Screening-Verfahren für einen Rezeptor oder Rezeptoren für den Faktor oder die Faktoren, die von Typ-1-Astrozyten des Ventralmesenzephalons erhältlich sind und ein dopaminerges Schicksal in neuralen Stamm- oder Vorläuferzellen, die Nurr1 in einem Ausmaß über dem Grundniveau exprimieren, induzieren, wobei das Verfahren den Vergleich von neuralen Stamm- oder Vorläuferzellen, die Nurr1 in einem Ausmaß über dem Grundniveau in den neuralen Stamm- oder Vorläuferzellen exprimieren oder nicht exprimieren, zur Identifizierung des Rezeptors oder der Rezeptoren umfasst.
Screening-Verfahren für einen Faktor oder Faktoren, die, entweder einzeln oder in Kombination, ein dopaminerges Schicksal in einer neuralen Stamm- oder Vorläuferzelle, die Nurr1 in einem Ausmaß über dem Grundniveau exprimiert, induzieren, wobei das Verfahren folgende Schritte umfasst: (a) Kontaktieren von Typ-1-Astrozytenmolekülen mit einer neuralen Stammzelle oder neuralen Vorläuferzelle, die Nurr1 in einem Ausmaß über dem Grundniveau exprimiert, wobei der Kontakt eine Wechselwirkung zwischen den Typ-1-Astrozytenmolekülen und der neuralen Stamm- oder Vorläuferzelle hervorrufen kann; und (b) Bestimmung der Wechselwirkung zwischen den Typ-1-Astrozytenmolekülen und der neuralen Stamm- oder Vorläuferzelle.
Verfahren nach Anspruch 19, das den Vergleich der Typ-1-Astrozytenmoleküle des Ventralmesenzephalons mit den Molekülen der neuralen Zellen umfasst, die nicht in der Lage sind, ein dopaminerges Schicksal in neuralen Stamm- oder Vorläuferzellen zu induzieren, die Nurr1 in einem Ausmaß über dem Grundniveau exprimieren.
Screening-Verfahren für einen Faktor oder Faktoren, die, entweder einzeln oder in Kombination, ein dopaminerges Schicksal in einer neuralen Stamm- oder Vorläuferzelle induzieren, die Nurr1 in einem Ausmaß über dem Grundniveau exprimiert, wobei das Verfahren das Kultivieren einer neuralen Stammzelle oder neuralen Vorläuferzelle, die Nurr1 in einem Ausmaß über dem Grundniveau exprimiert, in Gegenwart eines Typ-1-Astrozytenmoleküls und die Analyse der Zelle in Bezug auf die Differenzierung zu einem dopaminergen Phänotyp umfasst.
Verfahren nach Anspruch 21, das den Vergleich von Typ-1-Astrozyten des Ventralmesenzephalons mit neuralen Zellen umfasst, die nicht in der Lage sind, ein dopaminerges Schicksal in neuralen Stamm- oder Vorläuferzellen zu induzieren, die Nurr1 in einem Ausmaß über dem Grundniveau exprimieren.
Verfahren nach Anspruch 21, das ein differentielles Expressions-Screening umfasst.

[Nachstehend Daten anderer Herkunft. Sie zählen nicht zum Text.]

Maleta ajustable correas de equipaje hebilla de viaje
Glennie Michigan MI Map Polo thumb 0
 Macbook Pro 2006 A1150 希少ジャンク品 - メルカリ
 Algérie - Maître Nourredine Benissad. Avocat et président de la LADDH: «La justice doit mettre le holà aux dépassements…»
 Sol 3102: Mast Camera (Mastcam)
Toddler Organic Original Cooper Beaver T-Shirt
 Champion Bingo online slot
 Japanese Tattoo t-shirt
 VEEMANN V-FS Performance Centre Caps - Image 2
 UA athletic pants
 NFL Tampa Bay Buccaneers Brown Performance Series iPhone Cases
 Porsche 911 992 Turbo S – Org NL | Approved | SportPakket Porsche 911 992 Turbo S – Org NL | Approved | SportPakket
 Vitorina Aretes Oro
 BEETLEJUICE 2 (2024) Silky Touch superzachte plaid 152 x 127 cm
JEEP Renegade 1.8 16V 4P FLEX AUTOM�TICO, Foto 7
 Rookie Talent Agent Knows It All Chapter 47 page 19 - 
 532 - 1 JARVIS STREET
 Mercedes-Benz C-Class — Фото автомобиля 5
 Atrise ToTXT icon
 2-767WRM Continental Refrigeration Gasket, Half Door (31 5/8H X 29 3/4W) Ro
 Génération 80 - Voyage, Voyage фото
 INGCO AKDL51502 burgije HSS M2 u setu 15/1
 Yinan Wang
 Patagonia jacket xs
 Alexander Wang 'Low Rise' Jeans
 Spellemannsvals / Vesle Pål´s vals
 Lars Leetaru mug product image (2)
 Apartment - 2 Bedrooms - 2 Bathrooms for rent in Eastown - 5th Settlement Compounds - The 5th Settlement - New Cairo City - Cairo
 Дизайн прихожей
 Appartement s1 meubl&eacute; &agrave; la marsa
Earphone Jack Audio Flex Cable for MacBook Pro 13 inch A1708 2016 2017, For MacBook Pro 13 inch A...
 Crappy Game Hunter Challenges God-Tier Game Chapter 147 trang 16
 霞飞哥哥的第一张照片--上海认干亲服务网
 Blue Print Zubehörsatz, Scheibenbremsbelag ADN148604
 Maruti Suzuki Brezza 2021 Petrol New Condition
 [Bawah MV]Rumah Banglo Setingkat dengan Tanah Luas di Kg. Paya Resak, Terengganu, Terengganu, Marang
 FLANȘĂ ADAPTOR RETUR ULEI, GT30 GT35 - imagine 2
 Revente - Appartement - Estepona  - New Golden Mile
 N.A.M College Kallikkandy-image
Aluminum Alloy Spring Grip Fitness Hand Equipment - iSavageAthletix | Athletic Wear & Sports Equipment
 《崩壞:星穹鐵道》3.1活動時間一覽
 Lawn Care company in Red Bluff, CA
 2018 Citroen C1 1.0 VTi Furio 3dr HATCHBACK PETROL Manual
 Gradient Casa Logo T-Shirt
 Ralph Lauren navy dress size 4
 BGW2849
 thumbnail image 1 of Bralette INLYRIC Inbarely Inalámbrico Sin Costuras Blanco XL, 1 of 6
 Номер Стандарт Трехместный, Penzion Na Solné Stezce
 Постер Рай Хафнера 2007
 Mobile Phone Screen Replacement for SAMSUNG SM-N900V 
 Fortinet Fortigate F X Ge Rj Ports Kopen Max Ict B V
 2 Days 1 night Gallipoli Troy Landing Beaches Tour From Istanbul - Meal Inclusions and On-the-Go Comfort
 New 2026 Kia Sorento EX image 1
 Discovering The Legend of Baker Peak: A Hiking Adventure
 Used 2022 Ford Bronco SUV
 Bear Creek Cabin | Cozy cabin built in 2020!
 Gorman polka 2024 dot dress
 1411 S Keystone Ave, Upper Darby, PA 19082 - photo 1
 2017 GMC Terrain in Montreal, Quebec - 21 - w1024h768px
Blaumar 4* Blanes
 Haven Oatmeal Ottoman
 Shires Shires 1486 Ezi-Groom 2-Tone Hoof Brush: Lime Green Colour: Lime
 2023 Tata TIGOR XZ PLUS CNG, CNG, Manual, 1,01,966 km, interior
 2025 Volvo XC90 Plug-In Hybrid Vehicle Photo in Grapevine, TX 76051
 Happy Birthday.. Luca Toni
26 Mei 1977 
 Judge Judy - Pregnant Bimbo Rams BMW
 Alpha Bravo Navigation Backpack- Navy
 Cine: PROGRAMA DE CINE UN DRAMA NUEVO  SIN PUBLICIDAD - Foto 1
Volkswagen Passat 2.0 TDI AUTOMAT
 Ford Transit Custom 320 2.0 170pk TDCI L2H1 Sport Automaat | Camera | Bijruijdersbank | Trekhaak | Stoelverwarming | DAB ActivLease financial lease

Screening-Verfahren für eine Substanz, die die Fähigkeit von Typ-1-Astrozyten des Ventralmesenzephalons oder eines Moleküls oder von Molekülen der Astro zyten moduliert, ein dopaminerges Schicksal in neuralen Stamm- oder Vorläuferzellen zu induzieren, die Nurr1 in einem Ausmaß über dem Grundniveau exprimieren, wobei das Verfahren folgende Schritte umfasst: (i) gemeinsames Kultivieren von Typ-1-Astrozyten mit neuralen Stamm- oder Vorläuferzellen, die Nurr1 in einem Ausmaß über dem Grundniveau exprimieren, in Gegenwart einer oder mehrere Testsubstanzen; oder (ii) Kontaktieren von neuralen Stamm- oder Vorläuferzellen, die Nurr1 in einem Ausmaß über dem Grundniveau exprimieren, mit einem oder mehreren Molekülen von Typ-1-Astrozyten, die in der Lage sind, einen dopaminergen Phänotyp in diesen Zellen zu induzieren, wobei der Kontakt in Gegenwart einer oder mehrerer Testsubstanzen erfolgt; und (iii) Analyse des Anteils der Stamm- oder Vorläuferzellen, die ein dopaminerges Schicksal annehmen; (iv) Vergleich des Anteils der Stamm- oder Vorläuferzellen, die ein dopaminerges Schicksal annehmen, mit der Anzahl der Stamm- oder Vorläuferzellen, die in einem vergleichbaren Reaktionsmedium und unter vergleichbaren Bedingungen in Abwesenheit der Testsubstanz(en) ein dopaminerges Schicksal annehmen.